Afterwards, we walked to the zocalo to join a modest, fairly quiet turnout of townsfolk for a basketball game and a stroll around the square looking for perritos to pet. Then it was home early to start packing and get a good night's sleep for the long journey ahead.
Some reflections written this morning:
I guess this is the ache. Knowing that, tomorrow, we’ll have to leave this wonderful place, these friendly, gracious, hard-working people, and this lifestyle that we’re so privileged—nearly embarassed—to be able to enjoy.
We’ve seen first-hand the effects of the global economic crisis, combined with the recent bad press about the narco-violence that’s finally beginning to irritate the underbelly of Zihua. In our villa complex, San Sebastian, most of the nine units have sat vacant for the two weeks we’ve been here. We’ve often been the only, or nearly so, customers at restaurants. A fishing charter can be had for a song. A waiter begged us to bring him some of our fish if we went deep sea fishing again so he could provide his family with some animal protein more than once a week.
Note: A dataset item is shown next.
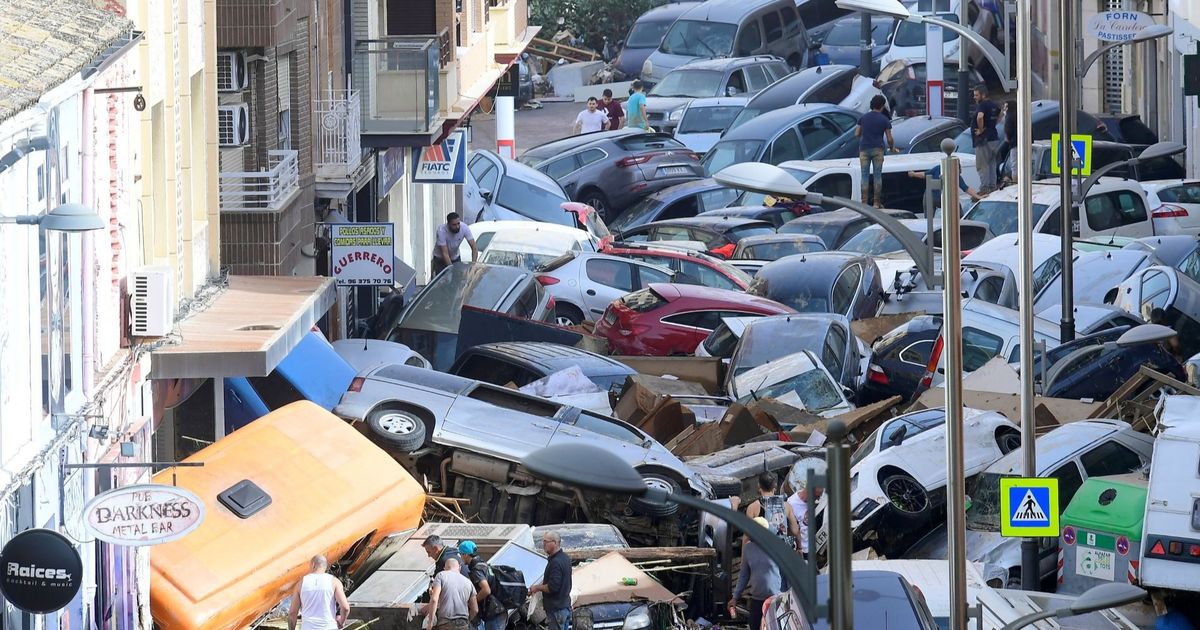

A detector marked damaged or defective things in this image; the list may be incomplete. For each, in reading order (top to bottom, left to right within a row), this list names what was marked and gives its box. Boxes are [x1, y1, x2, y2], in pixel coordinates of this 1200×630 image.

overturned car [336, 362, 710, 544]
Today, a beach vendor thanked us up and down for being his first customers. It was well after noon.
Despite the bad press and a few doom-sayers locally, the experience of the average tourist (or expat for that matter) remains pretty innocent. Aside from opting sometimes for a cab after dark and making sure our villa’s locked, we still have not felt anything but safe here.
But the economy? That hits everyone. We’ve (okay, mostly Sally) tried to be generous, tipping well, buying a few things we don’t really need, giving outright gifts to people who’ve touched us. We just hope they can hang on until things pick up again or, better yet, until they see an opportunity to realize a more prosperous life.
That said, I do not feel sorry for most of the Mexicans we’ve met here. With very few exceptions, they seem happy in their own skin. They’re very proud of themselves, their families, their town and their country. But, as in our own country, they’re exploited by a powerful, corrupt elite, and every social and economic institution seems designed to keep it that way.We will count the days to our next visit to Zihuatanejo. Part of us hopes to see the familiar faces of the many wonderful residents we’ve met. And part of us hopes they’ve been able to move on to bigger and better things.